-- Opening Marker --
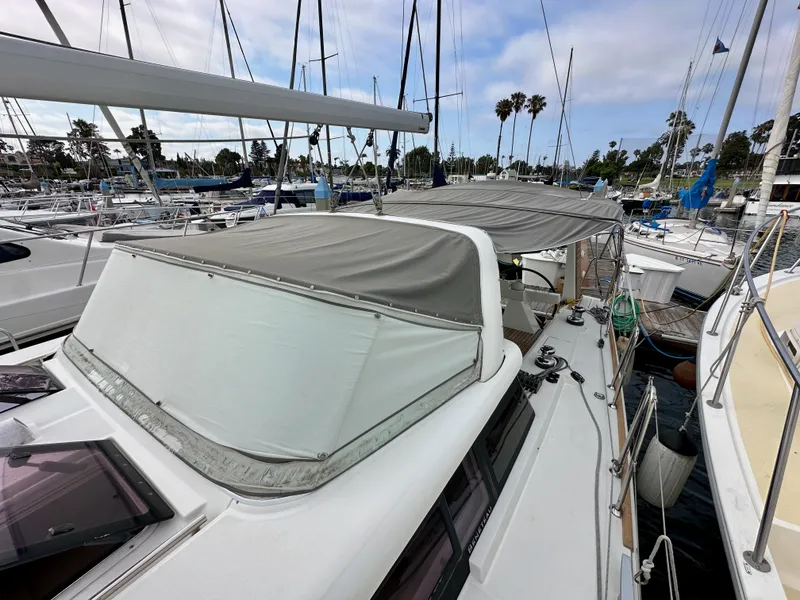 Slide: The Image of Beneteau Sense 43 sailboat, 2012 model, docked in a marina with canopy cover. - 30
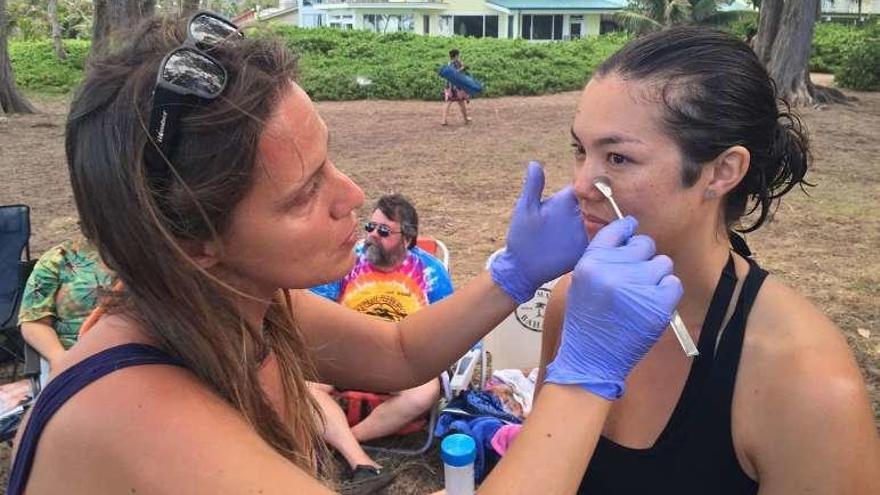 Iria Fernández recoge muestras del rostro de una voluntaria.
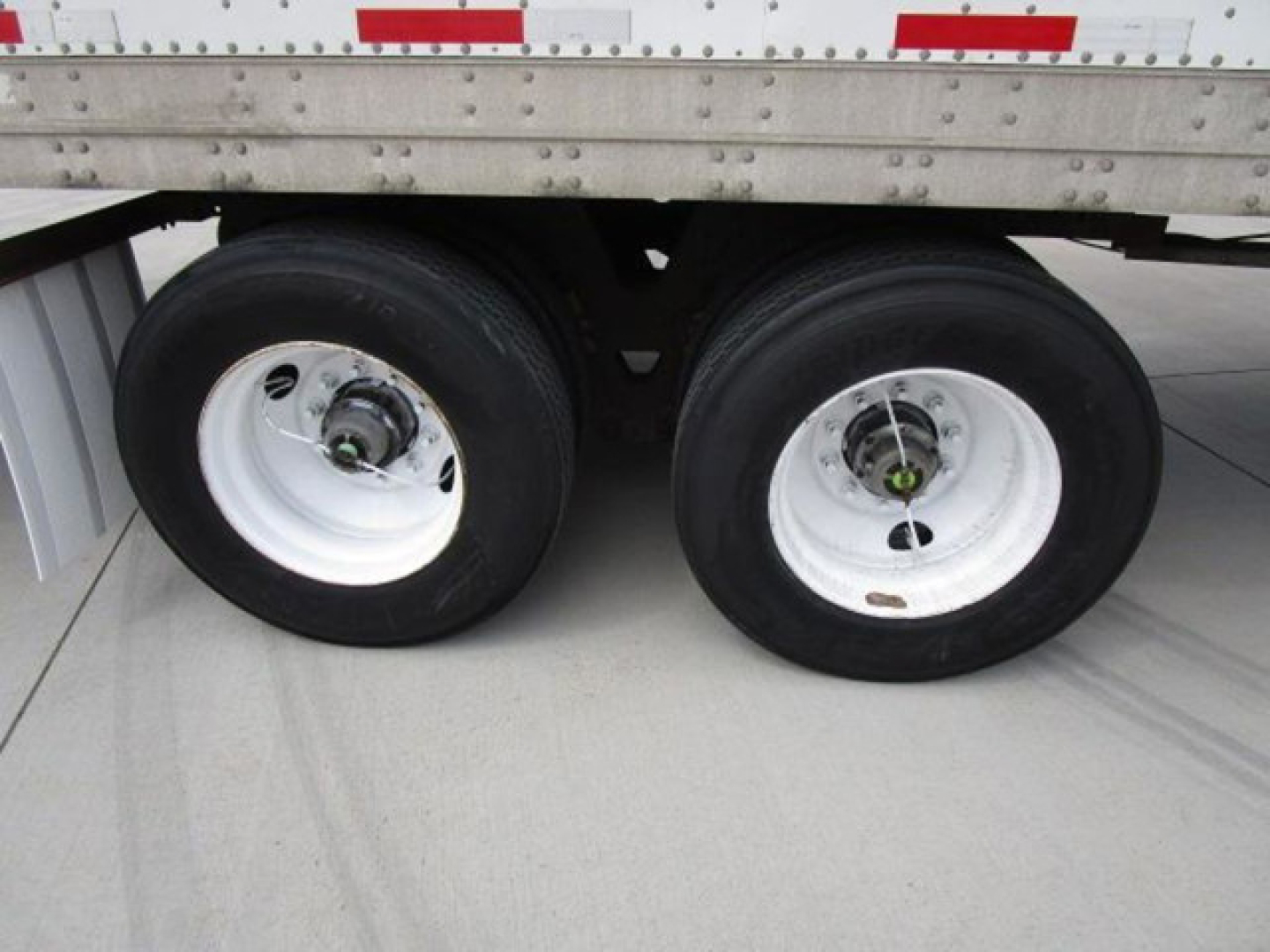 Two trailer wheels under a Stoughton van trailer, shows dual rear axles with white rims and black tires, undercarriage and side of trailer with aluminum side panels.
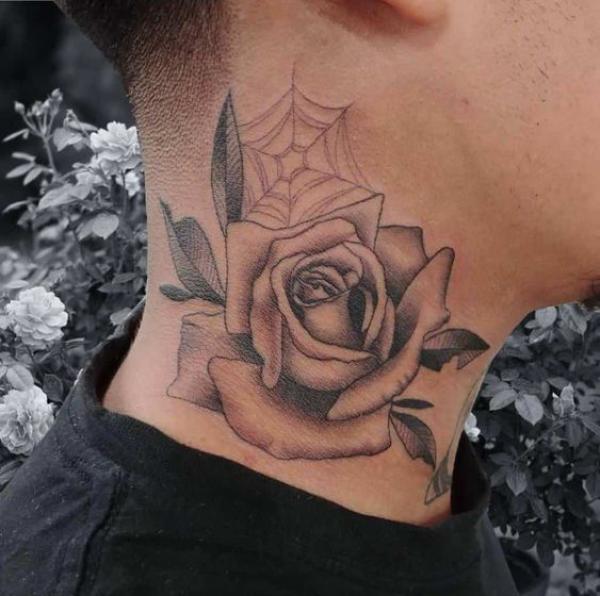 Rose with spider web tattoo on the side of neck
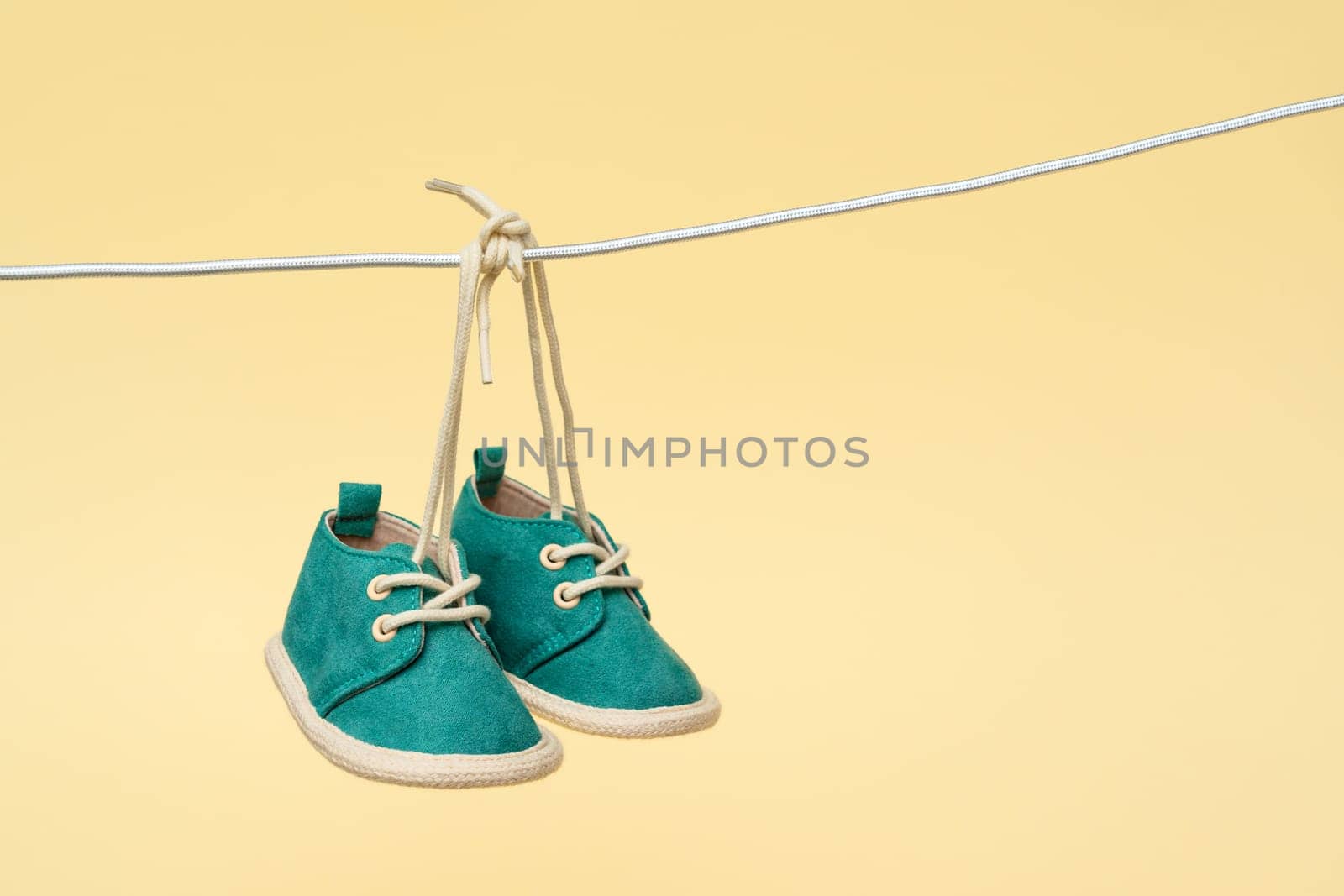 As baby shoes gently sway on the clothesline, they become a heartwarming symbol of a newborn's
-- Closing Marker --
• Problem details:
Copy out the material above exactly; the images stay out.

• Your solution:
 Slide: The Image of Beneteau Sense 43 sailboat, 2012 model, docked in a marina with canopy cover. - 30
 Iria Fernández recoge muestras del rostro de una voluntaria.
 Two trailer wheels under a Stoughton van trailer, shows dual rear axles with white rims and black tires, undercarriage and side of trailer with aluminum side panels.
 Rose with spider web tattoo on the side of neck
 As baby shoes gently sway on the clothesline, they become a heartwarming symbol of a newborn's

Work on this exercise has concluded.